You can no longer post new replies to this discussion. If you have a question you can start a new discussion

Vectors optimization

Hi,

 

I have some dataset used by other algorithms. So, the layout of it cannot be modified.

That is my problem.

So what is left: scattered data in memory but in a contiguous way per group and all group are of the same length.

 

gr1: offset 0    :  AA BB CC DD

gr2: offset 256 : EE FF GG HH

gr3: offset 512 : II JJ KK LL

gr4: offset 768 : MM NN OO PP

Keep in mind that EE == (AA+256), II == (EE + 256) and so on.

 

And I need:

AA EE II MM

BB FF JJ NN

CC GG KK OO

DD HH LL PP

 

So it is basically a transposition. And we have the vtrn instruction that can do this just fine. BUT it needs to be repeated three times. (see vectors arrangement)

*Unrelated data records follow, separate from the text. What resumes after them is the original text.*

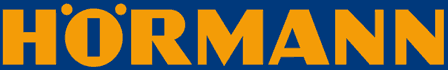 Логотип HOERMANN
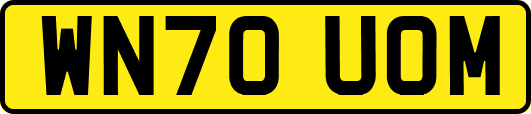 WN70UOM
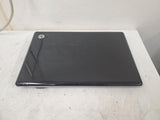 HP G71 VM133UA Intel Celeron 17" Laptop Computer No HDD No Battery
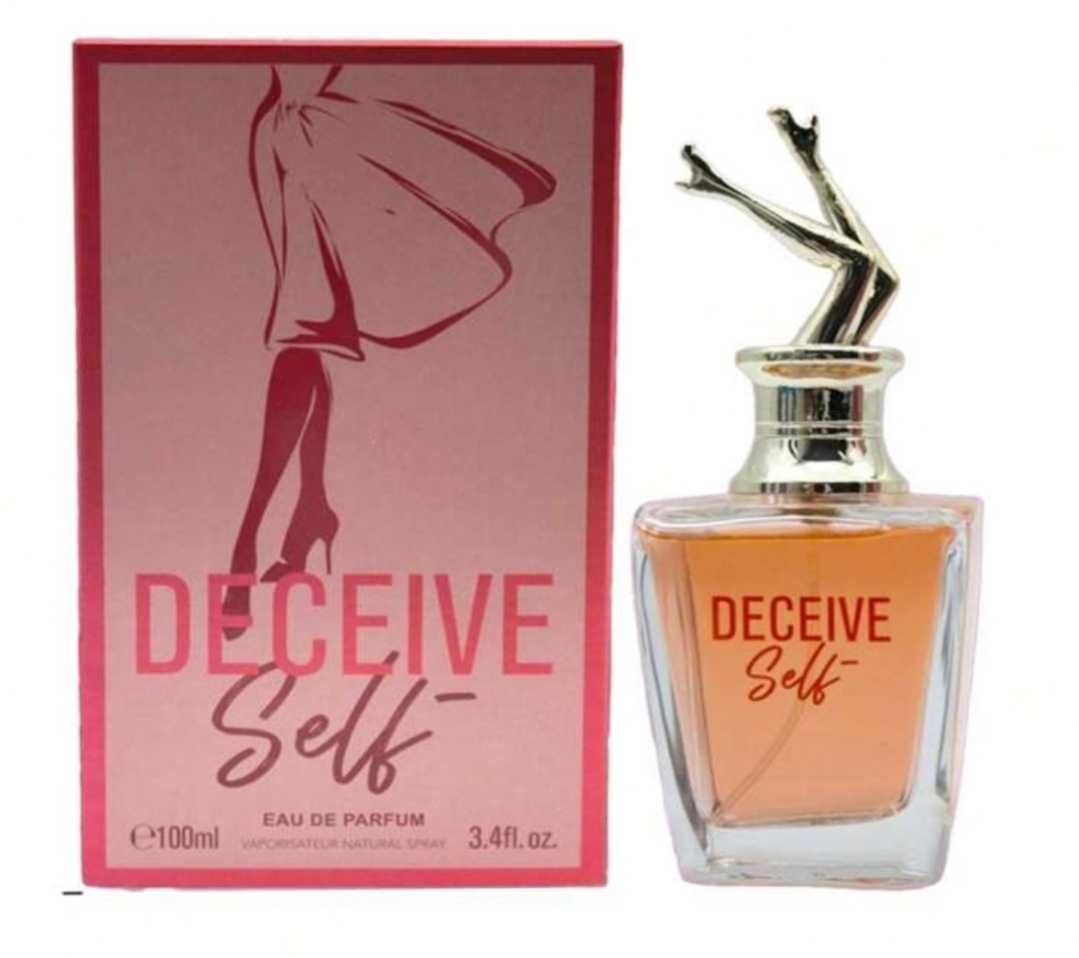 Deceive Self - Eau de  Parfum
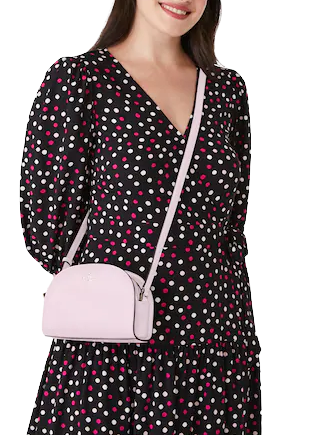 Kate Spade New York Perry Dome Crossbody
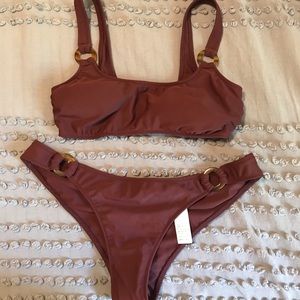 Abercrombie swimsuit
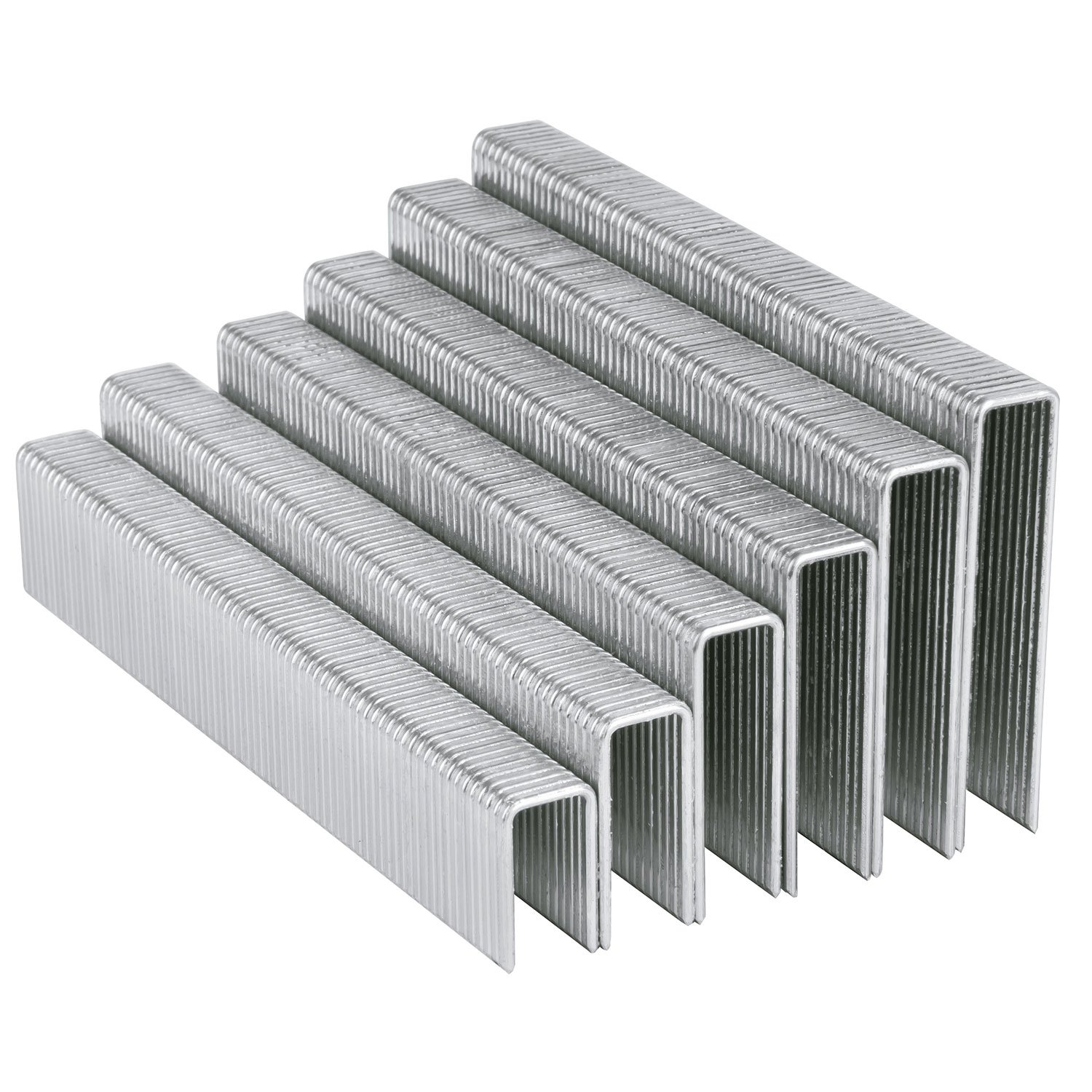 GRAPAS PARA ENGRAPADORA NEUMÁTICA ENEU-7/16, 32MM, (Truper)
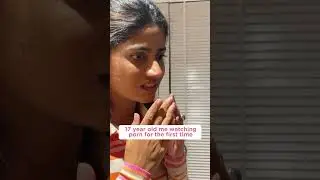 17yo me watching porn for the first time | #shorts #chaibisket #girlformula #telugu #girls #whatsapp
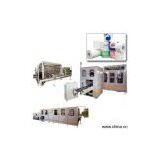 Sell Toilet Roll & Kitchen Towel Production Line thumbnail-1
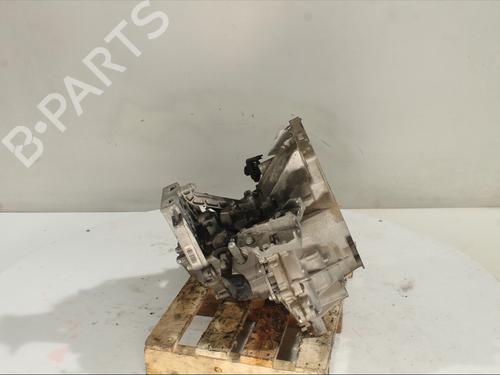 Gearbox FIAT 500X (334_) 1.6 (334AXE1A) | BP31077536M3 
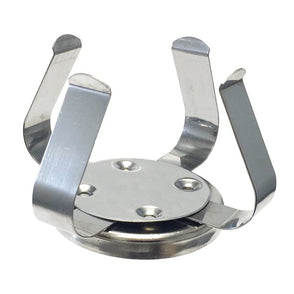 Benchmark Scientific - H1000-MR-500 - MAGic Clamp™ Magnetic Clamp, 500ml Erlenmeyer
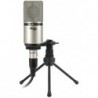 IK Multimedia Microfone iRig Mic Studio XLR - 8025813631038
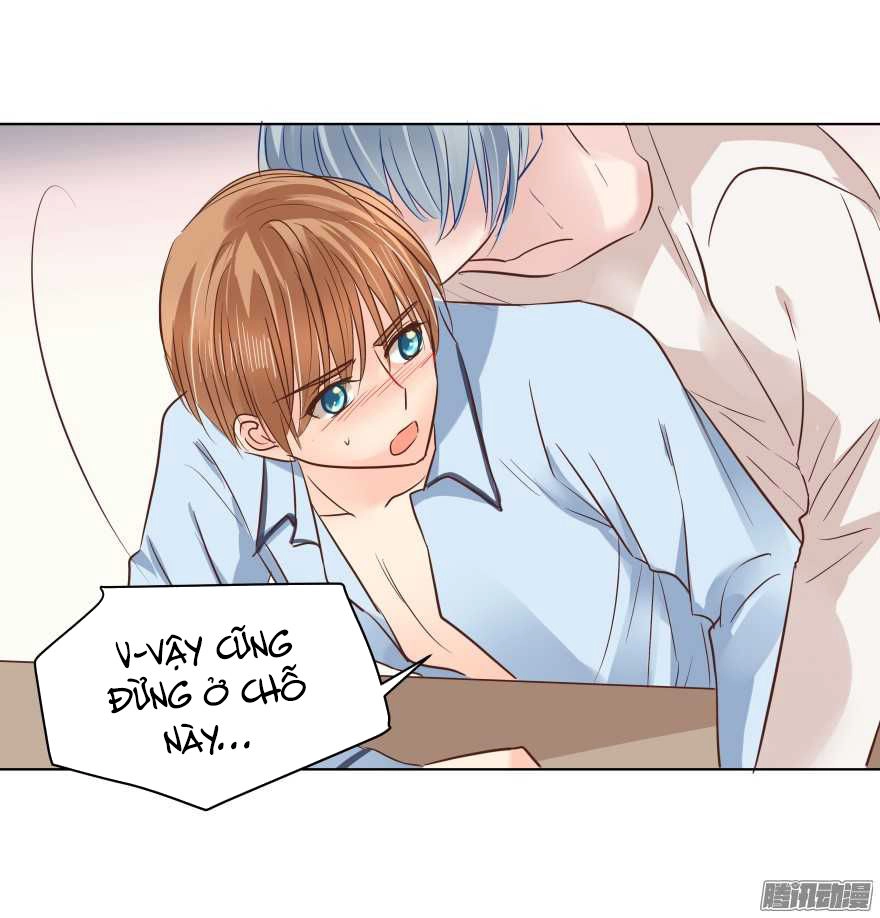 Ông Bố Đơn Thân Hàng Tỷ Chapter 97 - 3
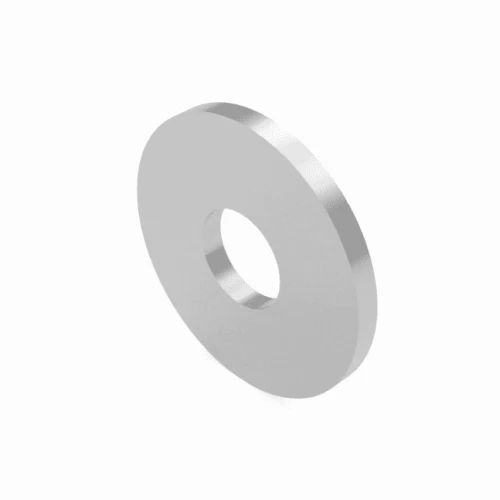 M14 (15mm) x 30mm Form C Washer (Flat) BS 4320 | BZP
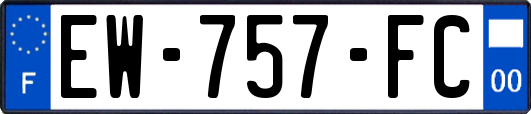 EW-757-FC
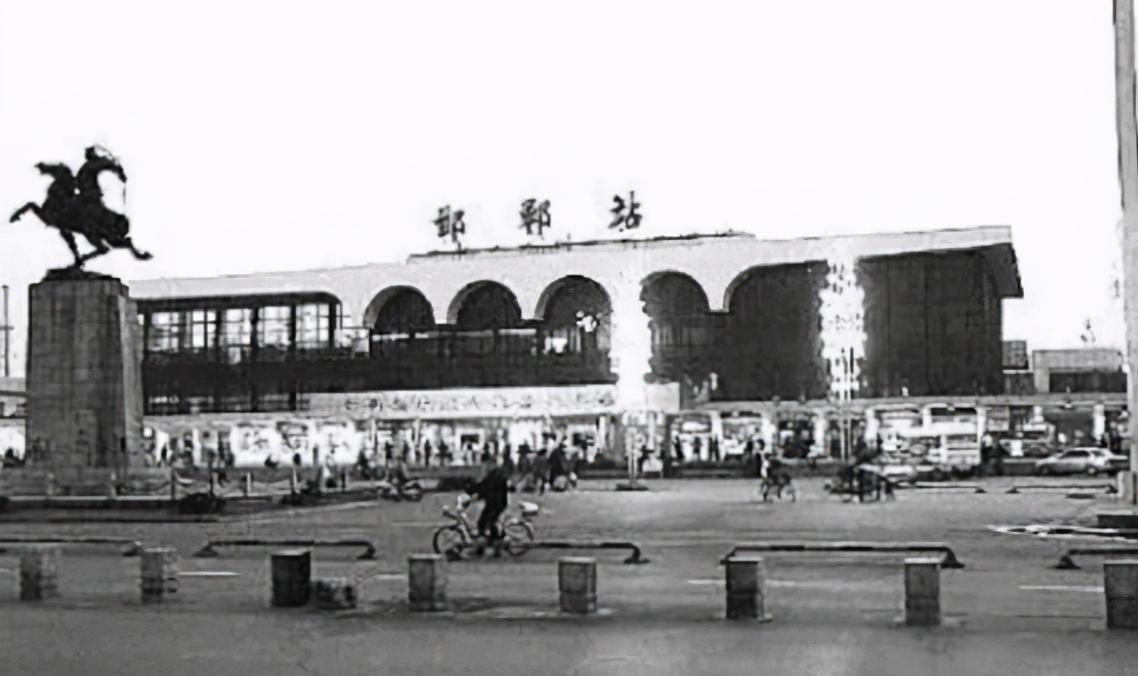 邯郸的历史文化底蕴与现代发展探析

Is there a way to avoid those three instruction to arrange my vectors properly or are there any other (faster) way to do it?

Currently I need to load the contiguous data and permute the vectors. VLDn don't seem to help me.

 

Do you see a possibility I missed somewhere?

Thanks

  • Ah, so preloading is my only option right? I will deal with it then.

    Thanks daith!
  • Okay I understand now. I would have thought the main overhead was reading the words at a 256 byte displacement from each other, and that overhead is what needs to be reduced as far as possible. I don't think there is a large scope for improvement but using preload instuctions withing the loop might help. So I'd go for something like
    preload adr
    preload adr+256
    preload adr+2*256
    preload adr+3*256

    loop:
    load adr
    preload adr+4*256
    load adr+256
    preload adr+5*256
    load adr+2*256
    preload adr+6*256
    load adr+3*256
    preload adr+7*256
    do the transformation
    store dest
    add 1024 to adr
    add 16 to dest
    go to loop if not finished

    I don't know how many preloads can be outstanding. I have four above but I'd have though a processor would cope with more. The code can be changed easily to do more by having more before the loop and preloading fom further forward in the loop. But what's there ought to cover the overheads of the transformation code.

  • Thanks daith,

    We are talking about bytes here. I have to load the data from memory as the dataset is to big for the cache (800-1000Mb) but the data follows a pattern (hence the 256 bytes offset) I can take advantage of .

    I already have a solution, which is to fill the vectors d1,d2,d3,d4 with contiguous data at different offsets, permute them (3 vtrn operations) and do my job from here.

    But if there was an instruction that could avoid the 3 vtrn instruction per load, I would have been happier (causing less consumption on a battery restrained unit and faster return to sleep state).
  • Is the 256 bits or bytes? And what type machine are you talking about? Is the main problem reading the data from store rather than a cache? How much is there altogether? It doesn't really sound like a SIMD problem to me but a data movement problem.